=== Aim of the exercise ===
Without any pictures, print the lines below from the one that has "Audi A4 45 interauto-car" through the one that has "Xylem-McDonnell & Miller", exactly and nothing else.

BEGIN Data for the task

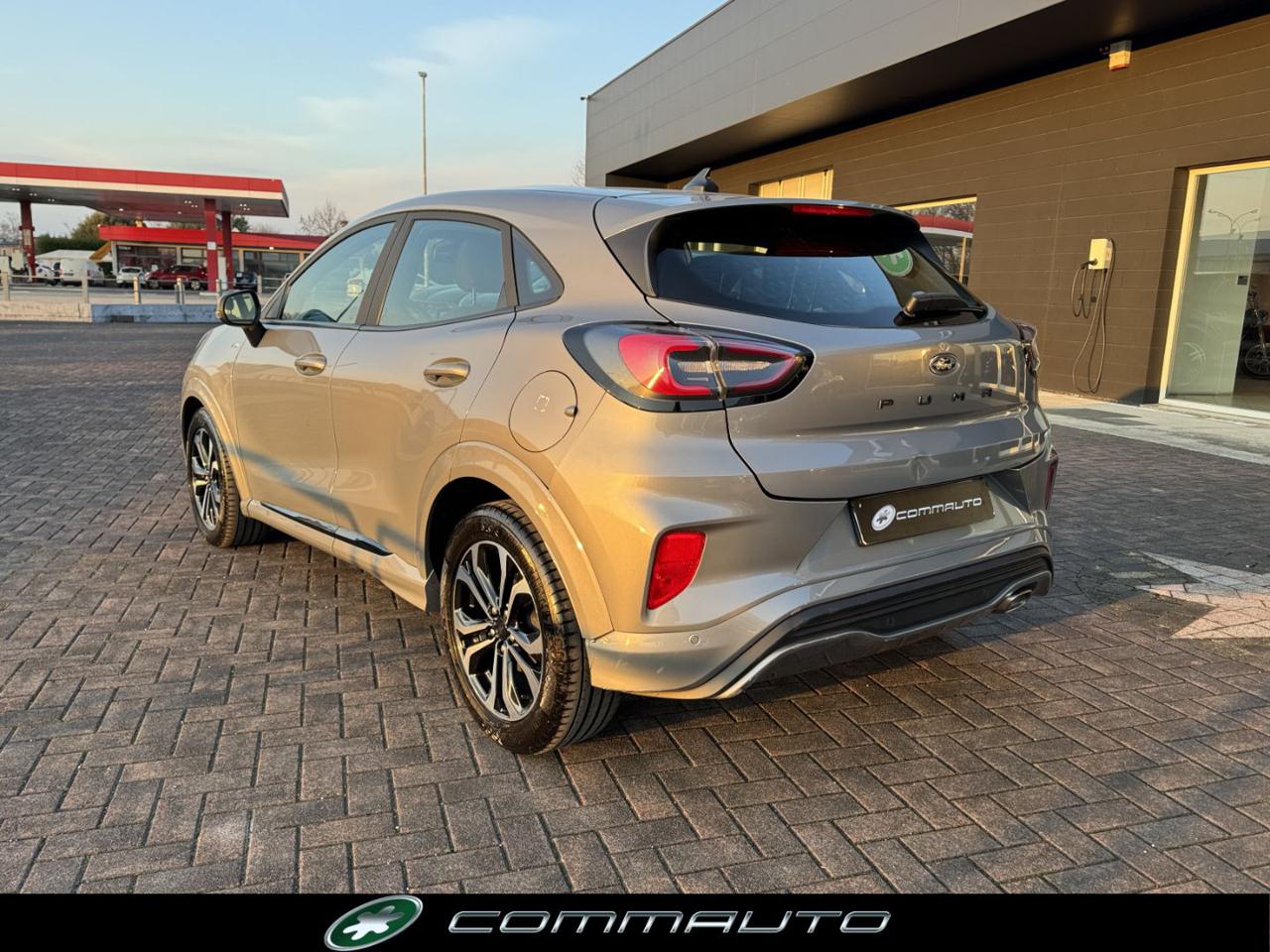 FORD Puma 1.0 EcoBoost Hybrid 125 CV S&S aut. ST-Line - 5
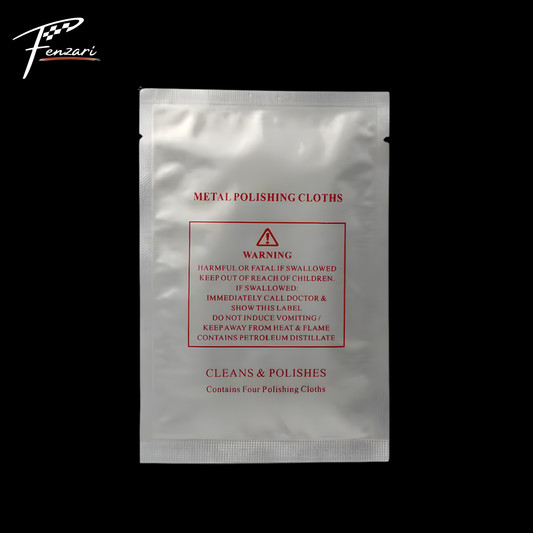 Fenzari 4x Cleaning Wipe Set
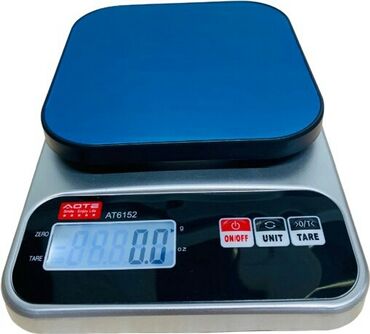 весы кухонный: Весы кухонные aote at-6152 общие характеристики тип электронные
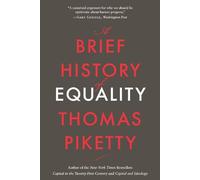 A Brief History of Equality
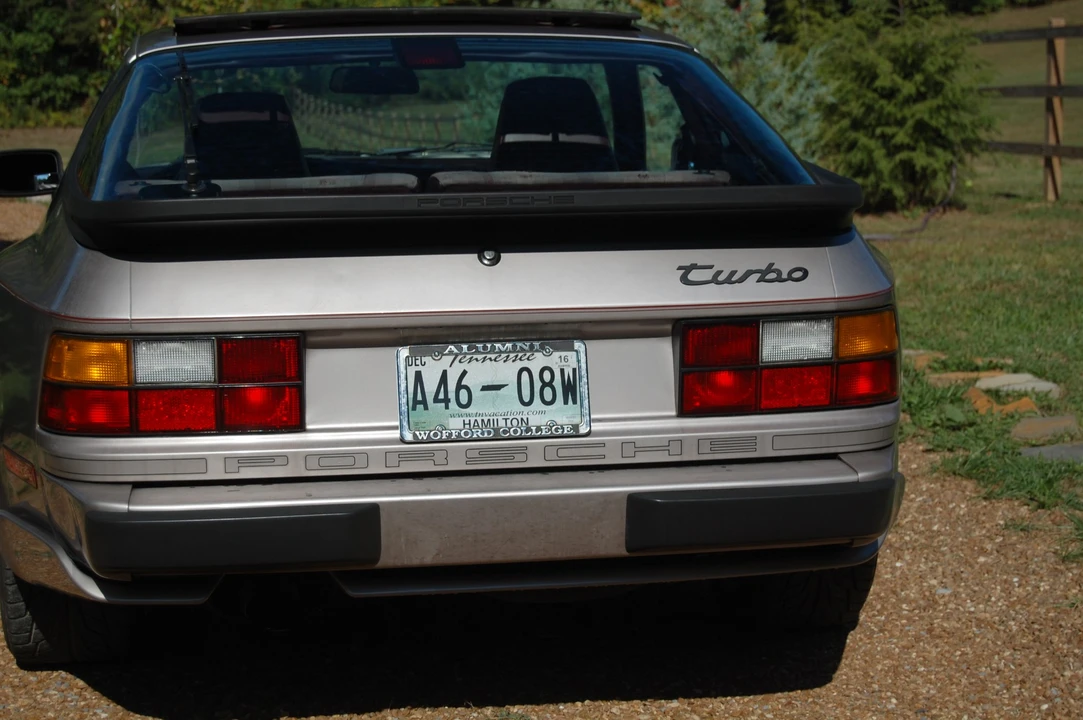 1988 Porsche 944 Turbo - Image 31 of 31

END Data for the task
BEGIN Data for the task

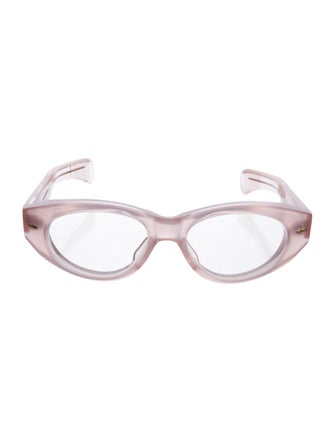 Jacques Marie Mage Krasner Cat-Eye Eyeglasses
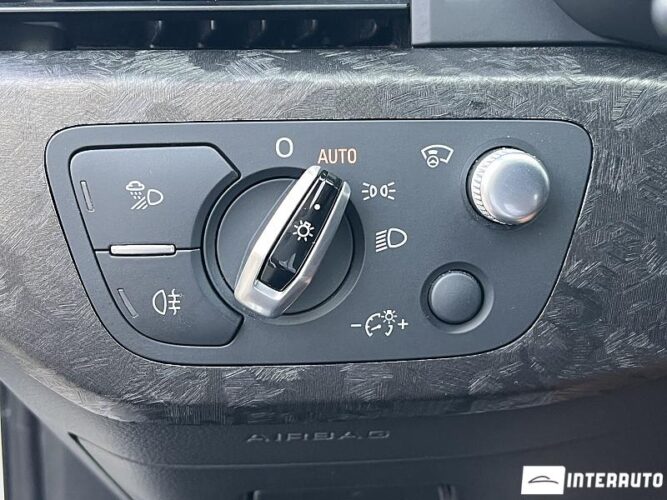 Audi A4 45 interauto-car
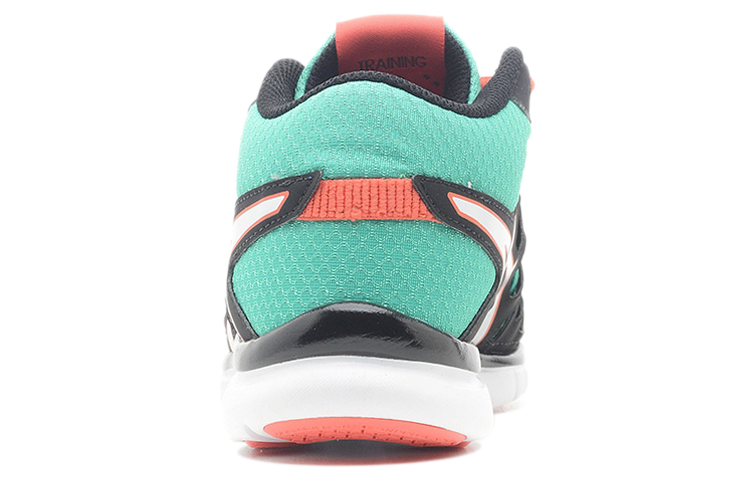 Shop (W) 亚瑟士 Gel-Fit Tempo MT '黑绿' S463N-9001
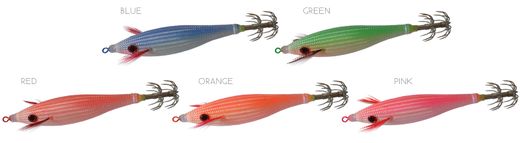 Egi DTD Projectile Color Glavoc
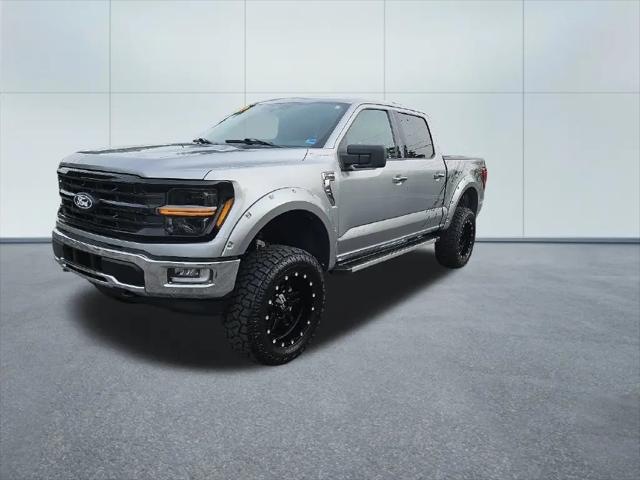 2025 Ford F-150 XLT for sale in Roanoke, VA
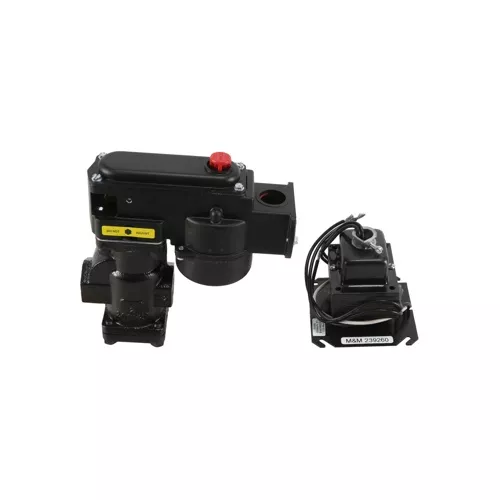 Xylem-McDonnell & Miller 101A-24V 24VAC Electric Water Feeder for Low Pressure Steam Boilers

END Data for the task
BEGIN Data for the task

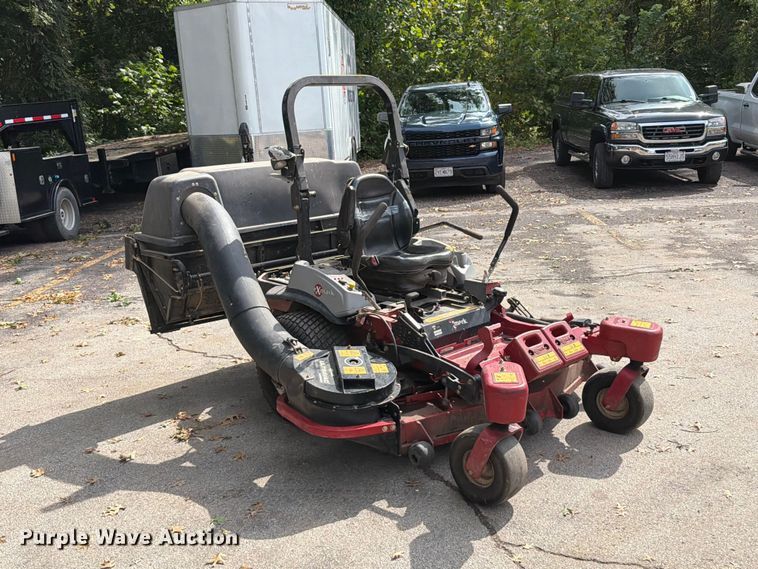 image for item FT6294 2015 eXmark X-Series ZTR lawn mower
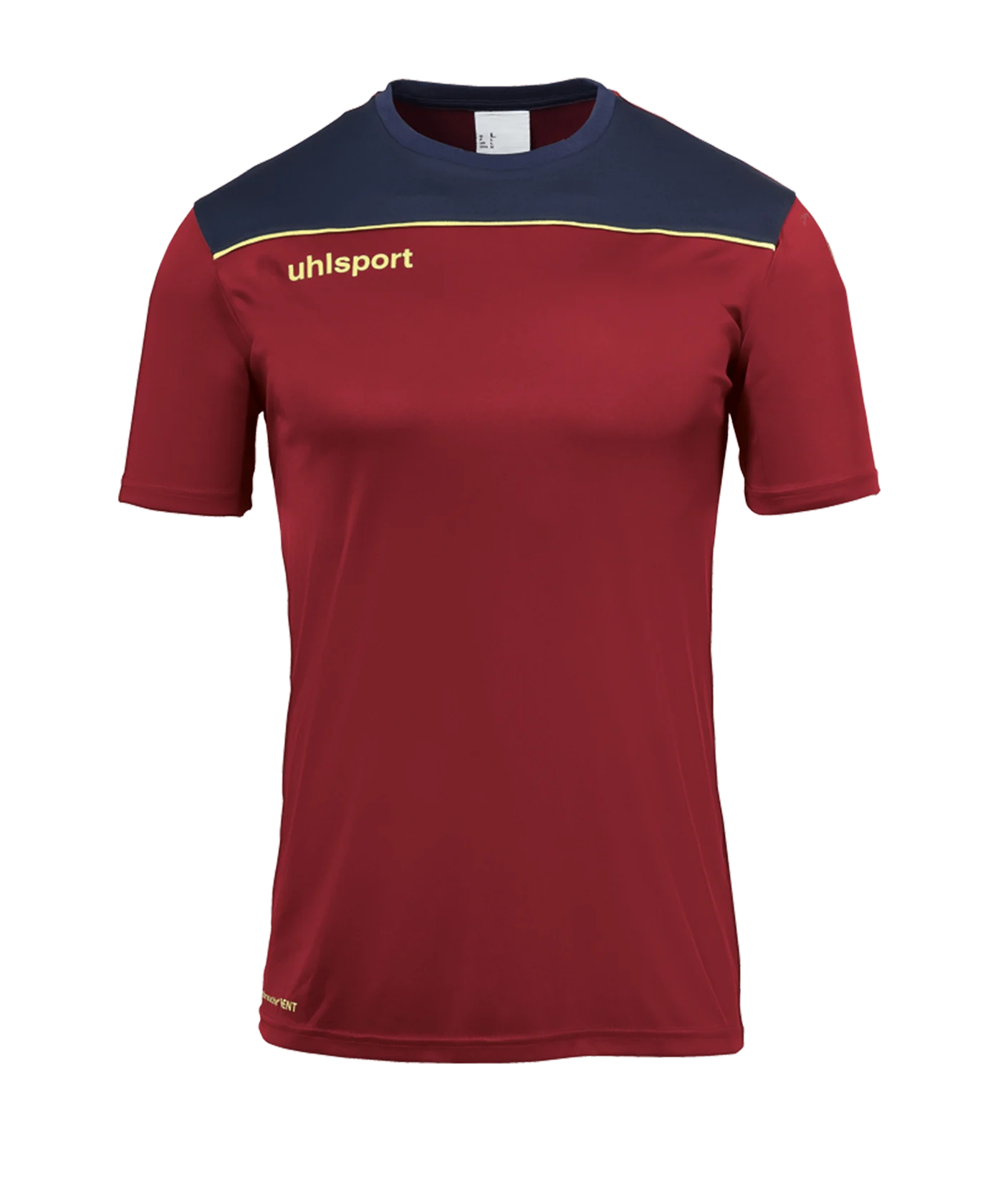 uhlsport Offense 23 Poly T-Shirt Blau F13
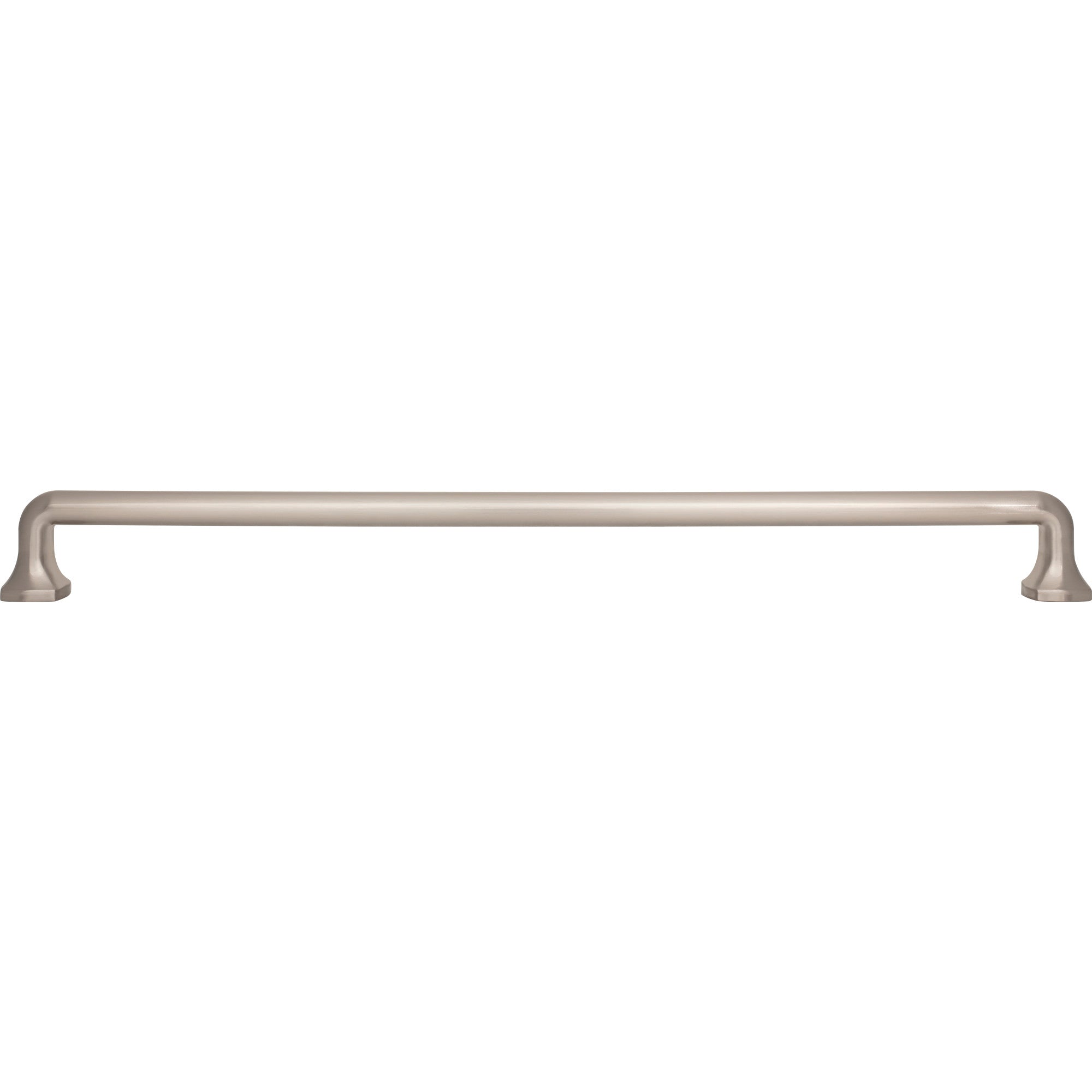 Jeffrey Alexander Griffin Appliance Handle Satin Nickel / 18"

END Data for the task

=== Result of this exercise ===
 Audi A4 45 interauto-car
 Shop (W) 亚瑟士 Gel-Fit Tempo MT '黑绿' S463N-9001
 Egi DTD Projectile Color Glavoc
 2025 Ford F-150 XLT for sale in Roanoke, VA
 Xylem-McDonnell & Miller 101A-24V 24VAC Electric Water Feeder for Low Pressure Steam Boilers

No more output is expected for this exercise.